EXERCISE GOAL:
In the records below, find the line with "Benjia Giant Christmas", then copy each line exactly until you have copied the line with "GUCCI GG Supreme". Leave any picture out.

MATERIALS PROVIDED:

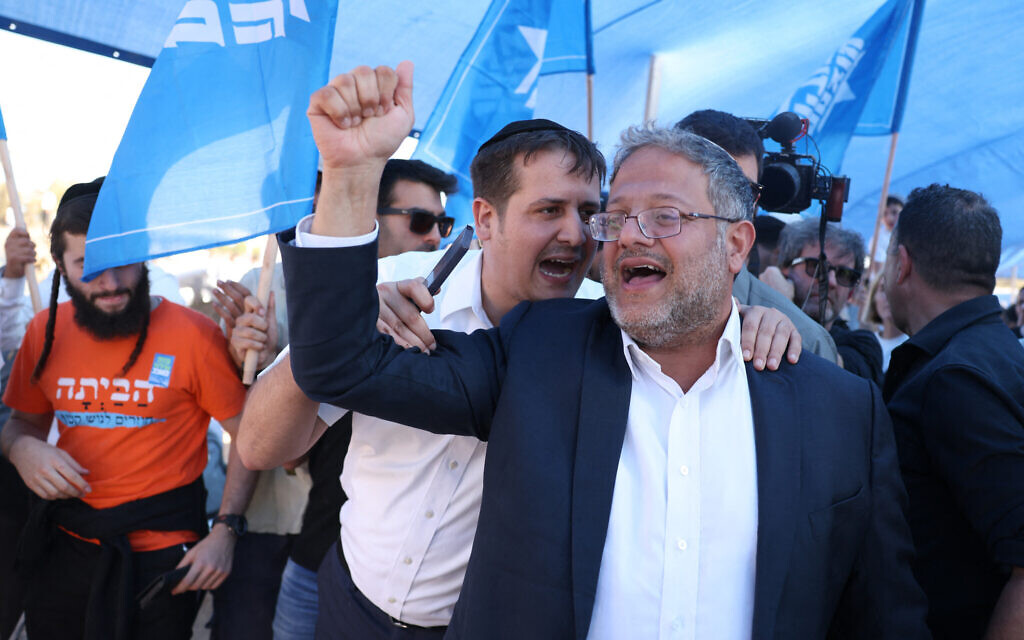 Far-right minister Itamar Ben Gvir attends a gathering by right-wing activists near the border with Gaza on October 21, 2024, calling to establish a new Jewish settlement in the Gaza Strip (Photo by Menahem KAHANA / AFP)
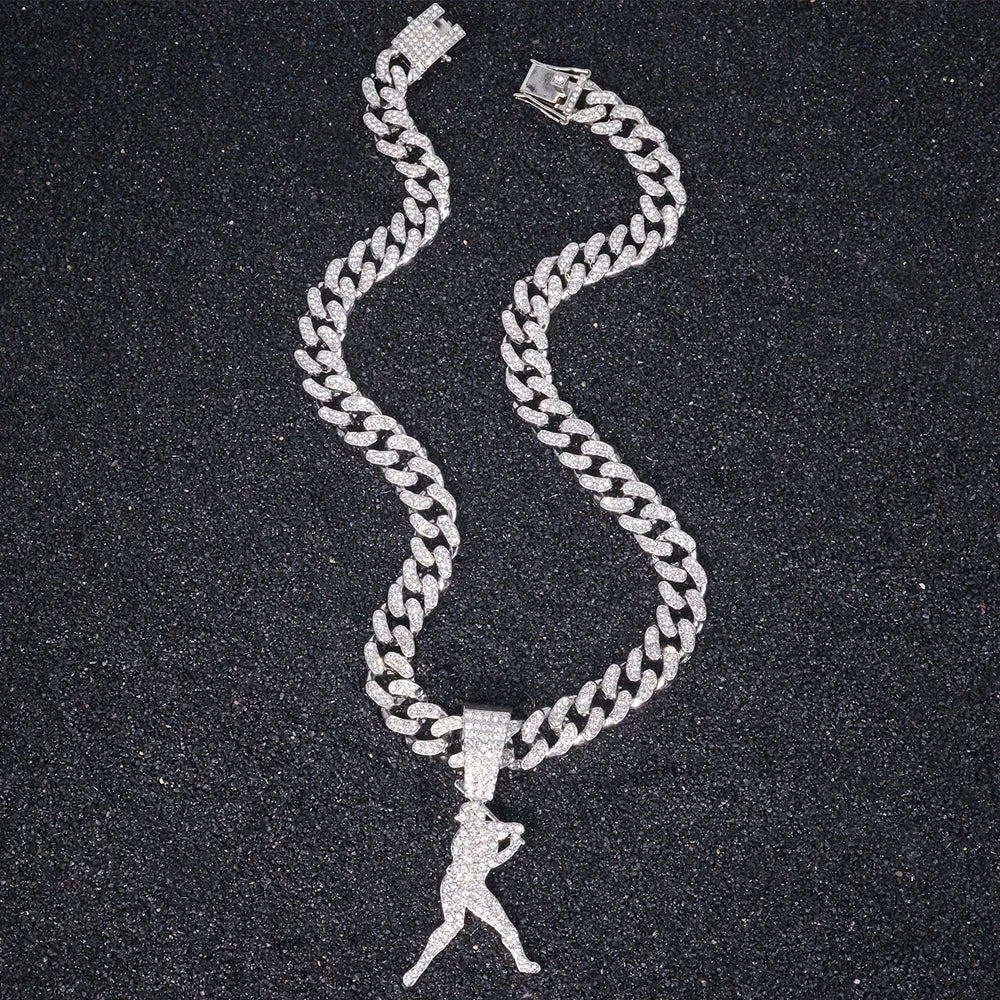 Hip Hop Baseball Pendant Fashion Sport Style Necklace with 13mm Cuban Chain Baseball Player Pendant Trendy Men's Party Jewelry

--

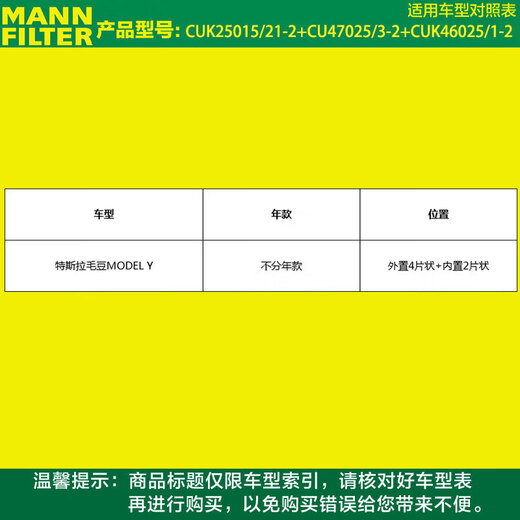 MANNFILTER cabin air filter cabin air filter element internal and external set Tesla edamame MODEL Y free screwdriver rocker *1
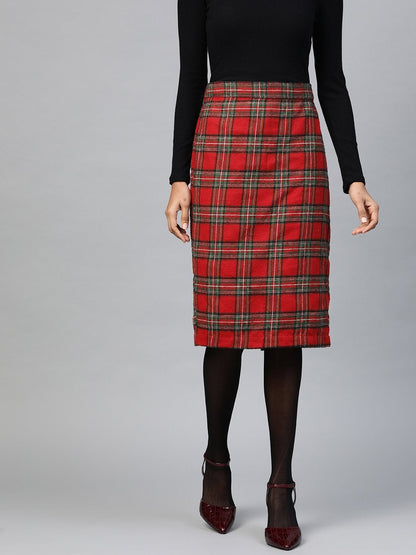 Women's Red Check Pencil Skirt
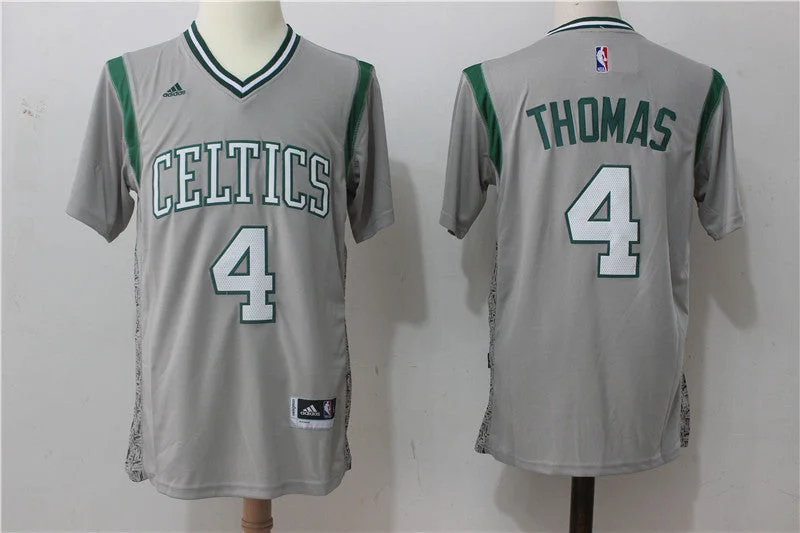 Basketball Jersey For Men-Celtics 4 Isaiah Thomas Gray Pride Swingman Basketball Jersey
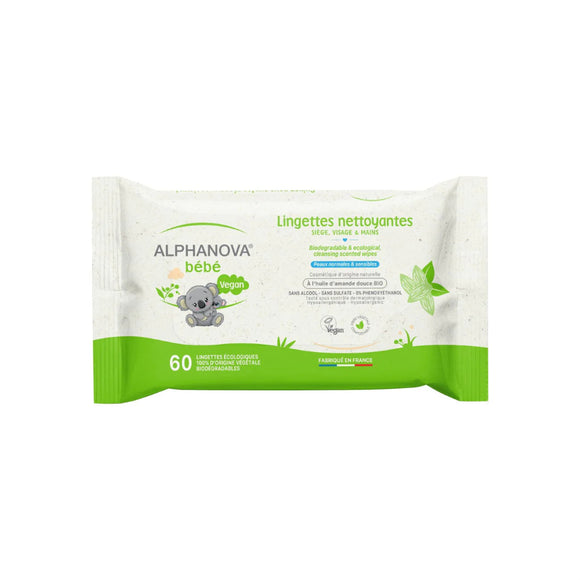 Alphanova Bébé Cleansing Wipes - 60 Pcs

--

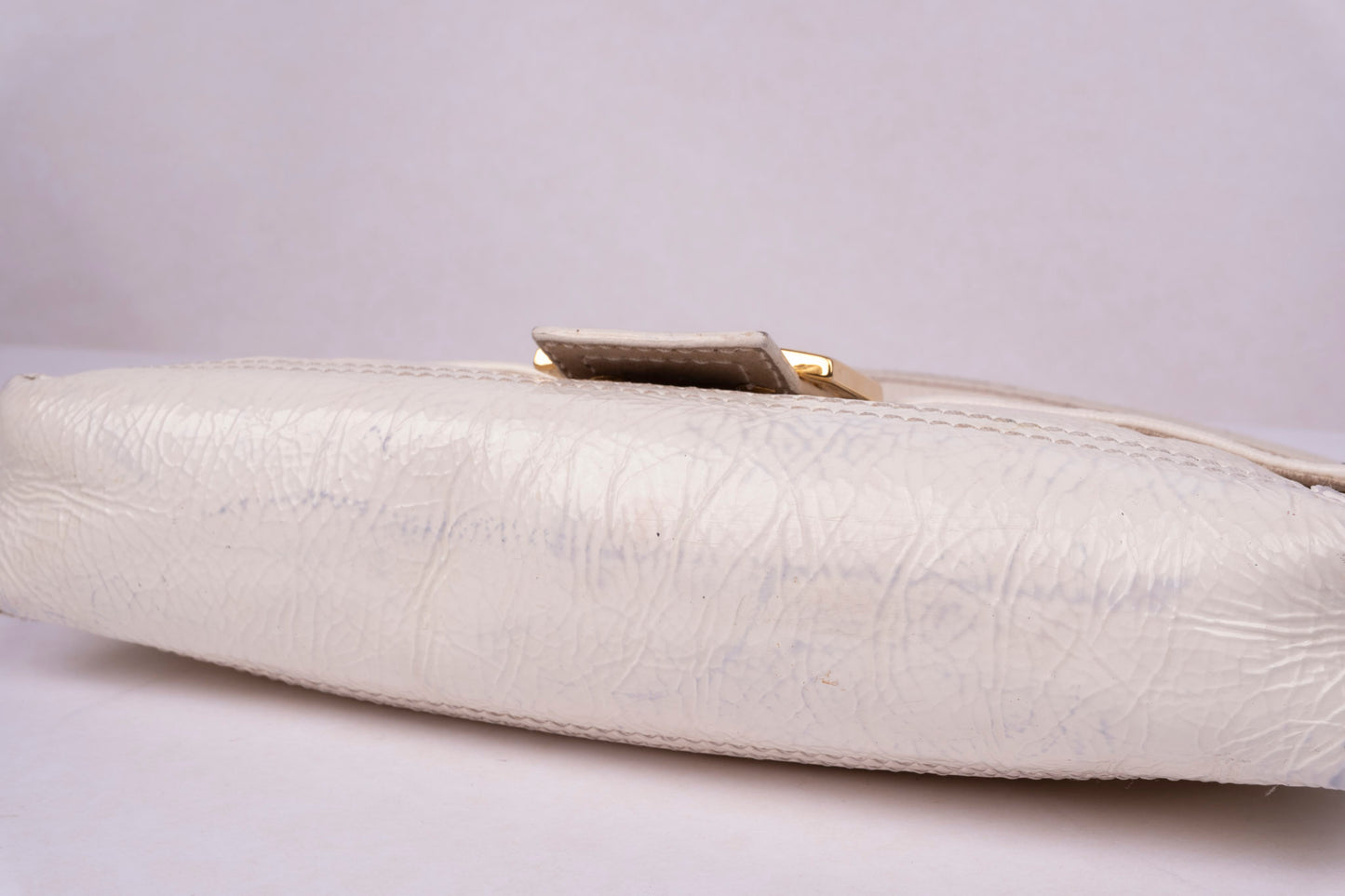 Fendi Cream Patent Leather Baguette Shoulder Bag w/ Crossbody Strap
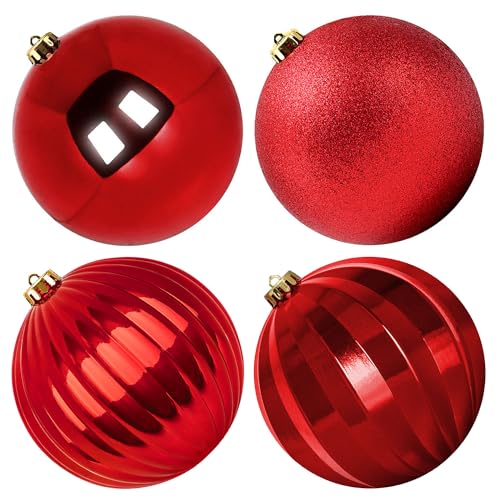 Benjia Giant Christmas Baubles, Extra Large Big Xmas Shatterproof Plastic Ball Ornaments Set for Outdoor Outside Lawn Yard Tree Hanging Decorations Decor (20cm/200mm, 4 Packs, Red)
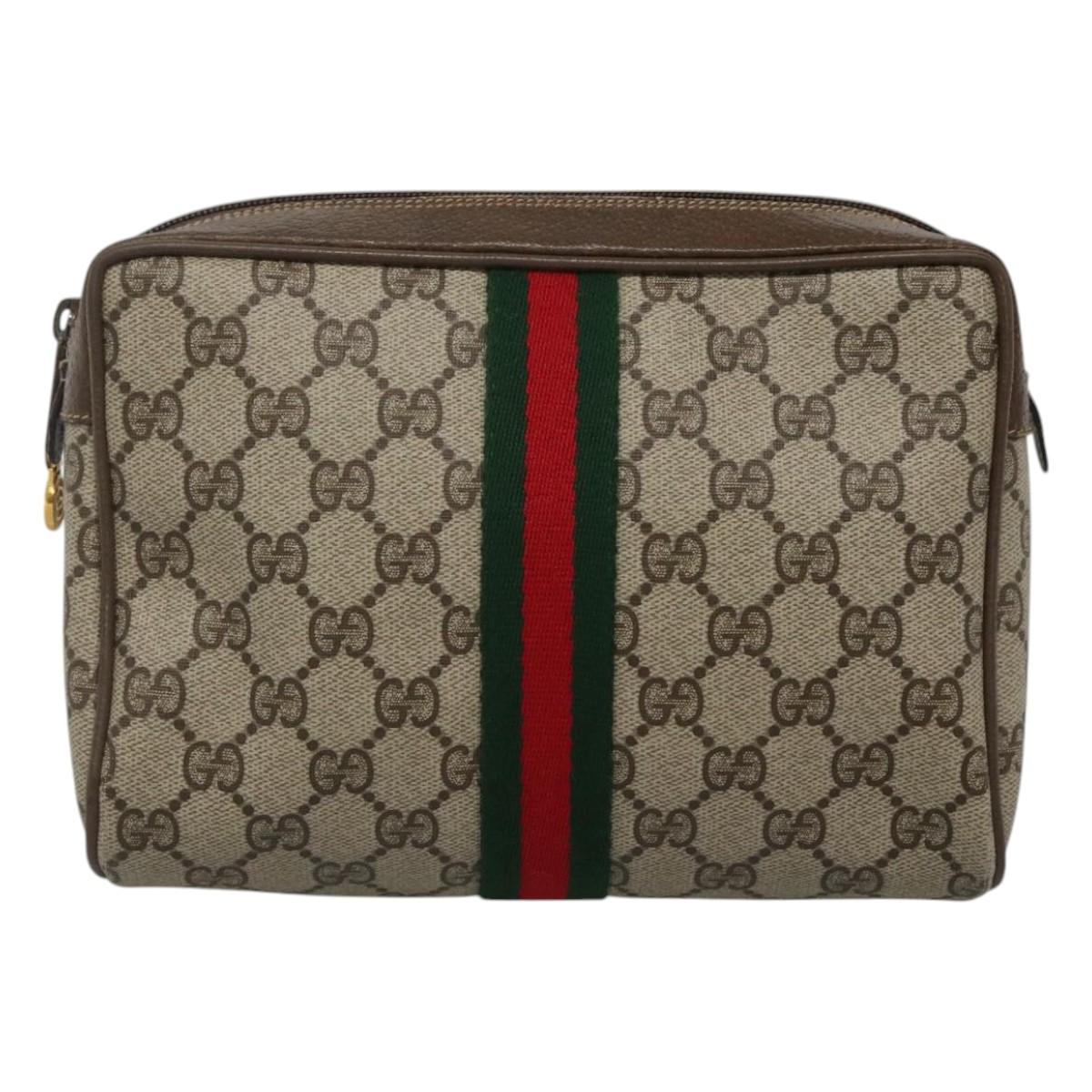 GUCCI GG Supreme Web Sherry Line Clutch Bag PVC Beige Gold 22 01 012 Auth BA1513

SOLUTION TO THE PROBLEM:
 Benjia Giant Christmas Baubles, Extra Large Big Xmas Shatterproof Plastic Ball Ornaments Set for Outdoor Outside Lawn Yard Tree Hanging Decorations Decor (20cm/200mm, 4 Packs, Red)
 GUCCI GG Supreme Web Sherry Line Clutch Bag PVC Beige Gold 22 01 012 Auth BA1513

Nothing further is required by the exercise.